Python Pandas Basics
Introduction
Pandas is one of the most essential libraries for data manipulation and analysis in Python. It provides powerful data structures and functions that make working with structured data intuitive and efficient. Whether you're analyzing financial data, processing survey results, or preparing datasets for machine learning, Pandas is likely to be a core tool in your Python data science workflow.

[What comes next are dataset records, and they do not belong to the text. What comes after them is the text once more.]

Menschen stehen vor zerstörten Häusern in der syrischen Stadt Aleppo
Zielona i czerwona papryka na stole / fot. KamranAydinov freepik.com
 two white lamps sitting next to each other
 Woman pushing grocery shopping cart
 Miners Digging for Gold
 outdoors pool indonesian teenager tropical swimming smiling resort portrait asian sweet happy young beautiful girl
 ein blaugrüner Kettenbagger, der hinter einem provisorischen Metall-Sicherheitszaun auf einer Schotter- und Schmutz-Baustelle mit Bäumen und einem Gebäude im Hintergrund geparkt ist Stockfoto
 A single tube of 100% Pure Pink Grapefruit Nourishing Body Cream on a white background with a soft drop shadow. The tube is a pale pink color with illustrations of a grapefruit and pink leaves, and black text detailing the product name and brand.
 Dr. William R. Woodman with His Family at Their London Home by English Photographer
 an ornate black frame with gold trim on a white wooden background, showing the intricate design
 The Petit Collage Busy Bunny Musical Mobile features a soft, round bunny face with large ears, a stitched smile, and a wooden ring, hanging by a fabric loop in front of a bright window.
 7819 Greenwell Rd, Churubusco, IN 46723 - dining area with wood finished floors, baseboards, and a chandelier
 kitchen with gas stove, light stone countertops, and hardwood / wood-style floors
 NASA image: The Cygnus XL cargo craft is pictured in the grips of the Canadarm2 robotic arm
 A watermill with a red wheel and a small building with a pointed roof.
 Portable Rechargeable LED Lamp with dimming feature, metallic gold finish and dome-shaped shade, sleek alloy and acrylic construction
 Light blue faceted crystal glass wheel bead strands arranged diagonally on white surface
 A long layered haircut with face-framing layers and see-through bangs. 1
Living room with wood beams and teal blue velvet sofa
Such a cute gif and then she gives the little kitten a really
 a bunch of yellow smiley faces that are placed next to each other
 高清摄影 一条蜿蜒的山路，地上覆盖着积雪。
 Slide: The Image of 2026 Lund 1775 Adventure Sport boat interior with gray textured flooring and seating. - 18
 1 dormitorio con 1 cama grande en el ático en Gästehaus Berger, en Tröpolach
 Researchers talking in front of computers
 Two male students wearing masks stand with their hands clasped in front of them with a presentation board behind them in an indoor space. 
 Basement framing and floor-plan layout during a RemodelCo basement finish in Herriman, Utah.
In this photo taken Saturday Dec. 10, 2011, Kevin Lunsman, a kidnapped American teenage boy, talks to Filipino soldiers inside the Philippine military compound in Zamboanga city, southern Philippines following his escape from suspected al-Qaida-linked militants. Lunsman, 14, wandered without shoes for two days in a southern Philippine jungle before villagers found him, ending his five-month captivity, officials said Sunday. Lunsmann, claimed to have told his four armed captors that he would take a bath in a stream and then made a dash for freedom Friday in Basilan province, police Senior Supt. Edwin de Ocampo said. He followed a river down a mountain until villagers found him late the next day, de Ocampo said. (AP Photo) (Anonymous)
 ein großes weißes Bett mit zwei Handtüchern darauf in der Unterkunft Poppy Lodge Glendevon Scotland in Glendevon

In this tutorial, we'll cover the fundamentals of Pandas, focusing on:
- What Pandas is and why it's important
- Core Pandas data structures: Series and DataFrame
- Basic data operations and manipulations
- Reading and writing data with Pandas
- Essential data analysis functionality
Getting Started with Pandas
Installation
Before we begin, you'll need to install Pandas. If you haven't already installed it, you can do so using pip:
pip install pandas
For data visualization capabilities that we'll use in some examples, you might also want to install Matplotlib:
pip install matplotlib
Importing Pandas
To use Pandas in your Python script or notebook, import it with the conventional alias pd
:
import pandas as pd
import numpy as np # Often used alongside Pandas
Core Pandas Data Structures
Series
A Series is a one-dimensional labeled array that can hold any data type. Think of it as a single column of data with an index.
Creating a Series
# Creating a Series from a list
s = pd.Series([10, 20, 30, 40])
print(s)
Output:
0 10
1 20
2 30
3 40
dtype: int64
You can also create a Series with a custom index:
s = pd.Series([10, 20, 30, 40], index=['a', 'b', 'c', 'd'])
print(s)
Output:
a 10
b 20
c 30
d 40
dtype: int64
Accessing Elements in a Series
# Access by index label
print(s['a'])
# Access by position
print(s[0])
# Multiple elements
print(s[['a', 'c']])
# Slicing
print(s['a':'c'])
Output:
10
10
a 10
c 30
dtype: int64
a 10
b 20
c 30
dtype: int64
DataFrame
A DataFrame is a two-dimensional labeled data structure with columns that can be of different types. It's similar to a spreadsheet or SQL table.
Creating a DataFrame
# Creating a DataFrame from a dictionary
data = {
'Name': ['John', 'Anna', 'Peter', 'Linda'],
'Age': [28, 34, 29, 32],
'City': ['New York', 'Paris', 'Berlin', 'London']
}
df = pd.DataFrame(data)
print(df)
Output:
Name Age City
0 John 28 New York
1 Anna 34 Paris
2 Peter 29 Berlin
3 Linda 32 London
You can also specify the row indices:
df = pd.DataFrame(data, index=['p1', 'p2', 'p3', 'p4'])
print(df)
Output:
Name Age City
p1 John 28 New York
p2 Anna 34 Paris
p3 Peter 29 Berlin
p4 Linda 32 London
Basic DataFrame Information
# View the first 2 rows
print(df.head(2))
# Get basic statistics
print(df.describe())
# Get information about DataFrame
print(df.info())
# Get dimensions (rows, columns)
print(df.shape)
Example output for df.describe()
:
Age
count 4.000000
mean 30.750000
std 2.753785
min 28.000000
25% 28.750000
50% 30.500000
75% 32.500000
max 34.000000
Working with Data
Reading Data from Files
One of the most common ways to create a DataFrame is by reading data from files:
# Read from CSV
df = pd.read_csv('data.csv')
# Read from Excel
df = pd.read_excel('data.xlsx', sheet_name='Sheet1')
# Read from JSON
df = pd.read_json('data.json')
Selecting and Filtering Data
Pandas provides multiple ways to select and filter data:
# Select a single column (returns a Series)
print(df['Name'])
# Select multiple columns (returns a DataFrame)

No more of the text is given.